Voici un tableau extrait de cet article qui montre la présence des étrangers dans l'Oise à la veille de la guerre.

Pour ceux qui s’intéressent à la place des Polonais dans la Seconde Guerre mondiale en France, voir la thèse de Pawel Sekowski, Les Polonais en France dans l'immédiat après-guerre (1944-1949) parue en 2023.
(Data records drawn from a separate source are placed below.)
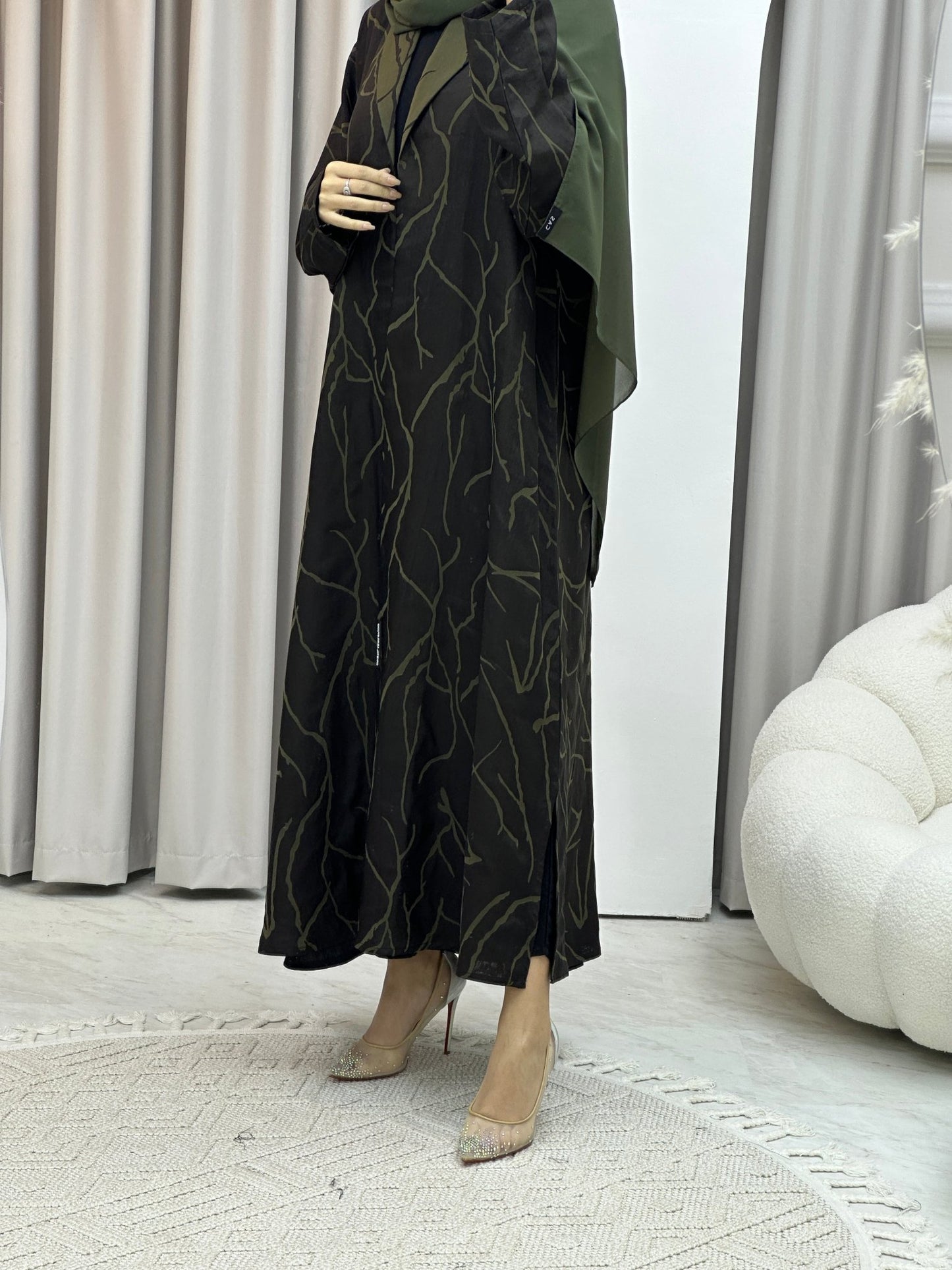 C Paint Stroke Winter Green Coat Abaya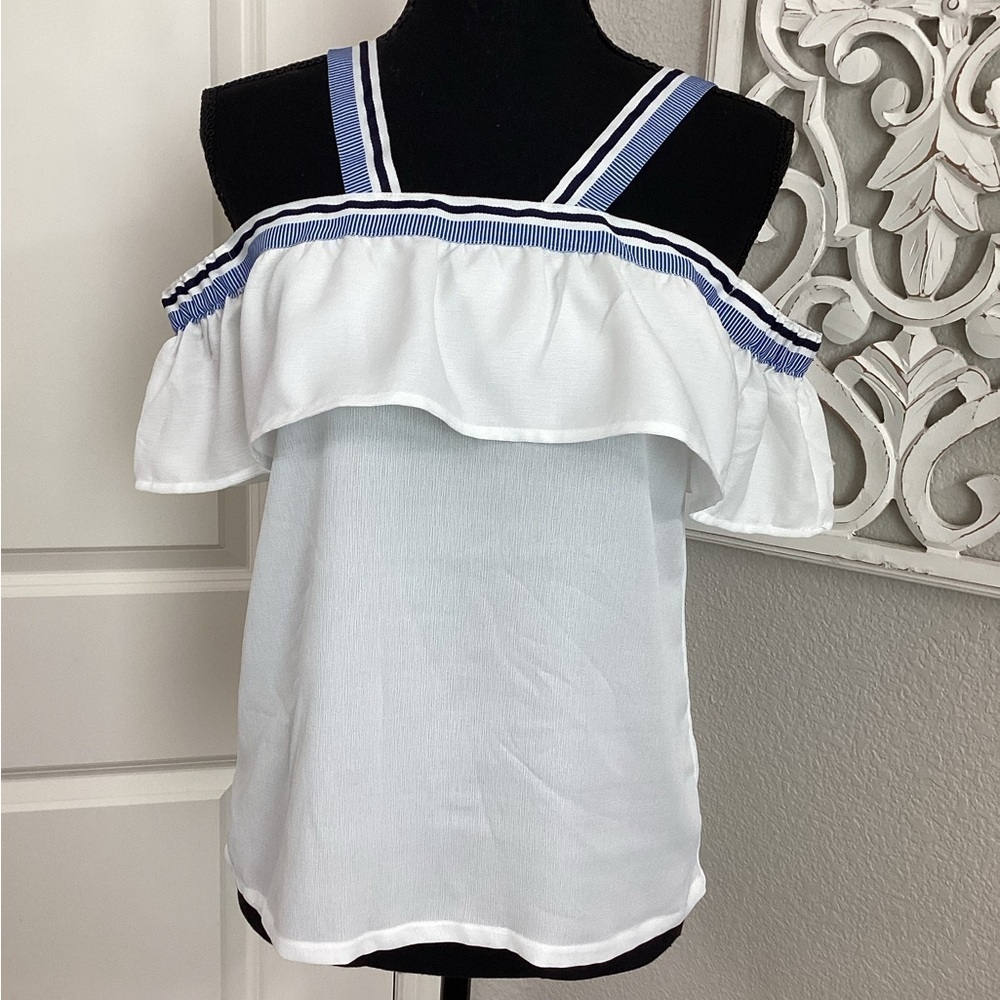 Multicolored Sleeveless Ruffled Blouse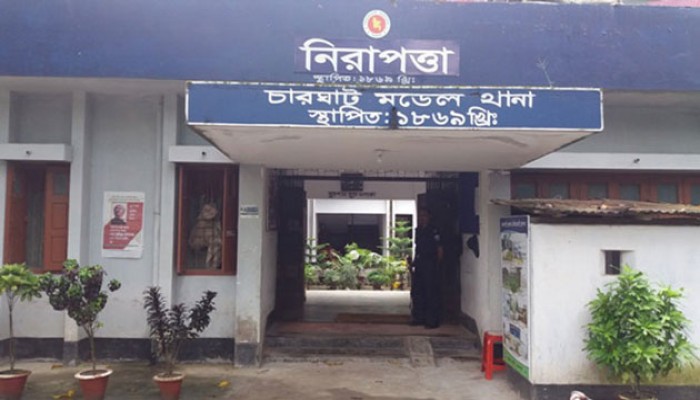 চারঘাটে ফেন্সিডিলসহ ইউপি সদস্য রবিউল গ্রেপ্তার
A lire sur https://theses.hal.science/tel-04266727/file/SEKOWSKI_Pawel_2015_These.pdf
Un parcours individuel
CHARLES Joseph
Résistant du Front National - Déporté
Né en 1887 en Suisse, il est membre du Front National à partir de janvier 1944. Arrêté à Tracy-le-Val par la Gestapo le 16 juillet 1944, il décède en déportation le 16 mai 1945.
Source
Résistance 60.
Un parcours individuel
POPOVITCH Moma
Résistant
Né vers 1922 au Monténégro (Royaume des Serves et Croates = Yougoslavie), il serait sous chef de gare de la ville de Nis. Réfugié au maquis de Crisolles (Oise) avec deux autres yougoslaves, il travaille à la ferme de la sucrerie Poulin. Il disparaît suite à l'attaque allemande du maquis de Crisolles, le 23 juin 1944.
Source
Résistance 60 (J-Y Bonnard)
Un parcours individuel
WALKS William
Résistant OCM
Bill Walks est né le 10 novembre 1888 à Brice County, Ontario, Canada. Il est diplômé vétérinaire à l'université de Toronto. Il sert en France durant la Première Guerre mondiale, est promu capitaine et épouse une Française qu'il ramène au Canada mais elle s'y ennuie. Le couple revient donc en France, à Noyon, en 1921. William Walks est naturalisé français en 1930.
Durant la Seconde Guerre mondiale, il vient en aide à une trentaine d'aviateurs qu'il soigne ou cache. Les paysans font appel à lui parce qu'ils ont confiance en leur vétérinaire et qu'il parle anglais. Il reçoit la Croix de combattant volontaire en 1958 avec cette citation : « Ancien combattant 14-18, entre le 1er juillet 1943 dans le mouvement Résistance et distribue régulièrement le journal « Résistance ». Le 19 août 1943, participe au transport vers les carrières de Caisnes d'armes parachutées à Varesnes (Ferme Neuve). Du 9 avril au 28 août 1944 il héberge successivement 5 aviateurs qui échappent ainsi à l'arrestation allemande.[...] » Il devient conseiller municipal de Noyon et une rue de la ville porte son nom.